The American Clean Energy and Security Act of 2009 requires Fannie Mae and Freddie Mac to offer discounts on mortgages that include extra cash for making a home more energy efficient.

These discounts, which are already in effect at some lenders like J.P. Morgan Chase & Co. and Bank of America, include savings on closing costs for homes that have Energy Star appliances.

The Federal Housing Administration is offering a plan through its approved lenders that allows borrowers to add the cost of making efficiency improvements into the mortgage, but the extra money doesn’t count toward determining how much loan a borrower can qualify for. For instance, a borrower who adds $5,000 to a $100,000 loan to afford new Energy Star appliances would only have to qualify for $100,000 – not $105,000.

Encouraging Numbers

Encouraging numbers on the real estate front, including new housing construction and sales of existing homes, continue to point toward a sustained recovery in the months ahead.

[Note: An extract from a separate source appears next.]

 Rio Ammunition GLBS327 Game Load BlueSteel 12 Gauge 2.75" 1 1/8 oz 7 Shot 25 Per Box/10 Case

Home builders -- who had been the most depressed segment of the real estate industry for the past two years -- are pulling permits again and starting to put up new houses.

The Commerce Department reports that single family starts last month were up nearly two percent over the prior month, while permits for future construction jumped by six percent.

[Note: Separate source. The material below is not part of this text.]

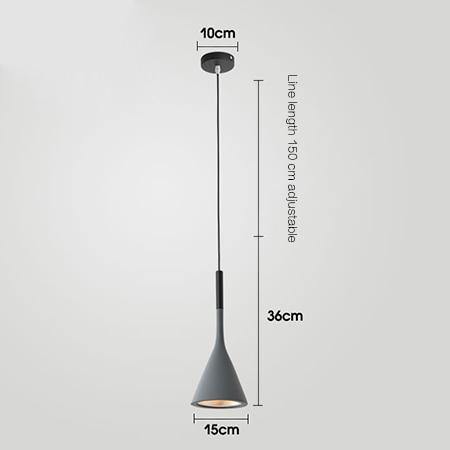 Scandinavian Glass Cone Pendant Light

Starts and permits are now at their highest levels in ten months.

Meanwhile, existing home sales and price reports from around the country show the breadth of the rebound getting underway.

In five large southern California counties that were near the epicenter of the bust, houses sold in July at the fastest pace in three years, according to MDA DataQuick researchers.

The five counties are San Diego, Orange, Los Angeles, Ventura and Riverside-San Bernadino. Sales there have risen for thirteen consecutive months compared with the previous year's levels. Even median prices are showing modest increases, as foreclosures decline as a percentage of total sales.
But John Walsh, president of DataQuick, cautions against overstating the positive news here though. Walsh believes that "we could bounce along" at this summer's slightly improved levels "for quite awhile" if California's economy doesn't improve.

Some lenders are beginning to take note of the improving numbers and are revising their controversial "declining area" designations that restrict mortgage lending or make it more costly for buyers.